RochesterJanuary 9, 2013
Community invited to celebrate life of Martin Luther King Jr.
By Mary Beth Almond
C & G Staff Writer
ROCHESTER — The leadership of Martin Luther King Jr. and his message of nonviolence and equality has inspired men and women of all ages around the world.
Locally, Rochester Community Schools and the Rochester Area Ministerial Association are hosting the annual Martin Luther King Jr. Celebration at 3:30 p.m. Jan. 13 at St. Paul’s United Methodist Church, 620 Romeo Road in Rochester Hills.
RCS Community Relations Manager Debbi Hartman said the school district started hosting the event about 10-15 years ago.
“The district started it, originally, just because we thought there was a need for some sort of community celebration to honor the work of Dr. King,” she said. “We’ve done different things over the years, but … the whole idea was to involve the schools and the community in some kind of recognition for Dr. King.”
Around three years ago, the Rochester Area Ministerial Association approached the district to get involved, and the two groups combined efforts and started holding the event at St. Paul’s United Methodist Church.
“The event got a little more broadly spread community involvement. We had choirs from a couple of the churches join us, and it took on a little more reverential tone. I think it really improved the ceremony, so we’ve really enjoyed partnering with the ministerial association over these past three years now,” Hartman added.
Rev. Leonetta Bugleisi said in an email that the community celebrates the foundations of all social justice actions by celebrating Martin Luther King Jr. Day.
“For children, the message brings into focus living peacefully by acceptance of all children and a zero-tolerance of bullying behavior. For adults, the message focuses on the universal needs of all people and sharing of resources,” she said.
The theme for this year’s event is “A Dream in Action.”
“Our service will reflect diversity through music, essay, soloist performances, storytelling, prayer and joy,” Bugleisi said in an email. She said the “intergenerational community” is invited to continue in the tradition of a celebration that calls on people to improve their neighborhoods by putting the dream in action.
The celebration will kick off with a prelude, followed by a weaving of hymns from three choirs — University Hills Elementary and North Hill Elementary, along with adult choirs from various churches — and a multimedia presentation to highlight essays of local students.
Rev. Dr. Charles S.G. Boayue Jr. of Second Grace United Methodist Church in Detroit will give the keynote address. A native of Liberia, Boayue has called the United States home since 1983. He earned degrees from Bethune-Cookman University, Florida Southern College, Duke University and United Theological Seminary.
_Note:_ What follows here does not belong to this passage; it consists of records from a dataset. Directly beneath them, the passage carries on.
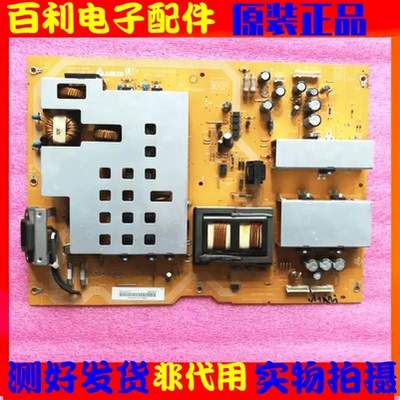 原装夏普LCD-52Z770A电源板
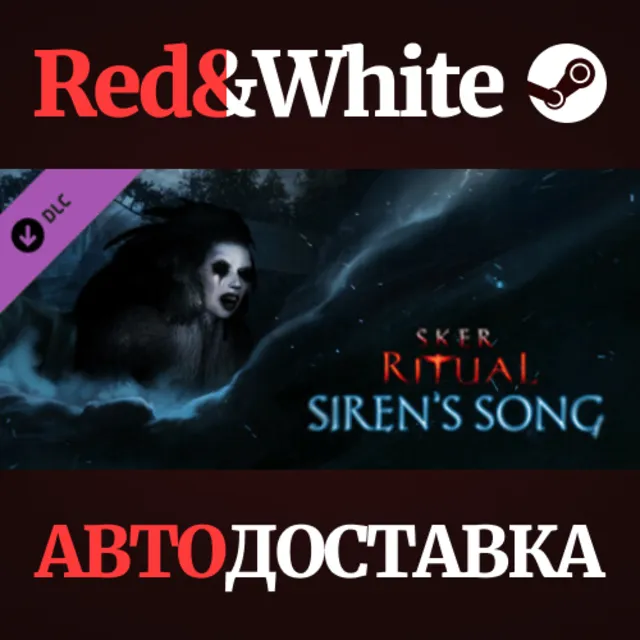 Sker Ritual - Siren's Song DLC * STEAM🔥АВТОДОСТАВКА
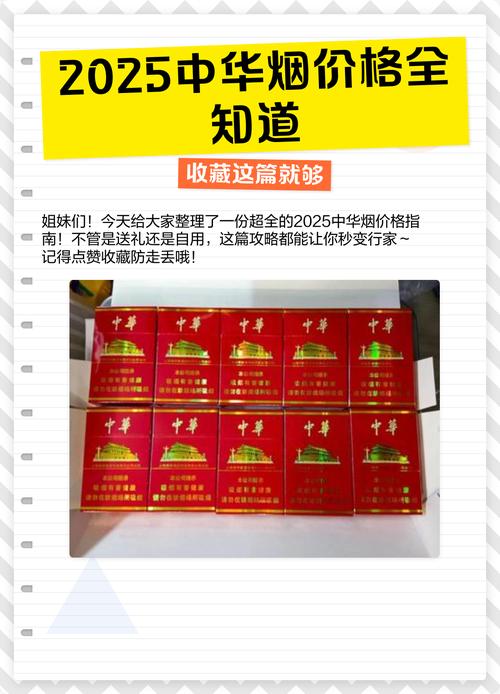 中华倒刺耙2025年价格-图1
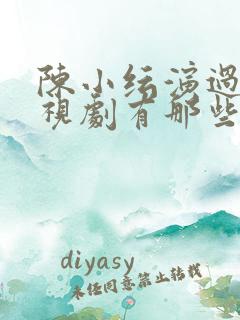 陈小纭演过的电视剧有那些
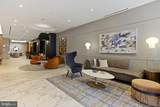 1211 Van Street - Photo 16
“The Rev. Charles S.G. Boayue Jr. was chosen as the speaker because he is a man who has interpreted his own personal story into a message of hope and purpose from God. He uses a very creative approach to present his message through storytelling. Storytelling is appealing, as important messages are revealed through characters in action and with purpose. This is what our Martin Luther King Day service hopes to invite people to do: to live their lives filled with action and purpose, based on Martin Luther King’s example of peace and justice,” Bugleisi added.
At the end of the ceremony, there will be a drawing for a peace pole — a pole that features the worlds “Let Peace Prevail on Earth” in eight languages, which the district has donated every year.
Last year, approximately 400 people attended the celebration, which Hartman said has significantly grown throughout the years.
“I think it’s one of the only celebrations in our area, and we’re proud to do it,” she said. “We’re really pleased to be able to continue this tradition with the help of the ministerial association, and we look forward to seeing everybody from the community out.”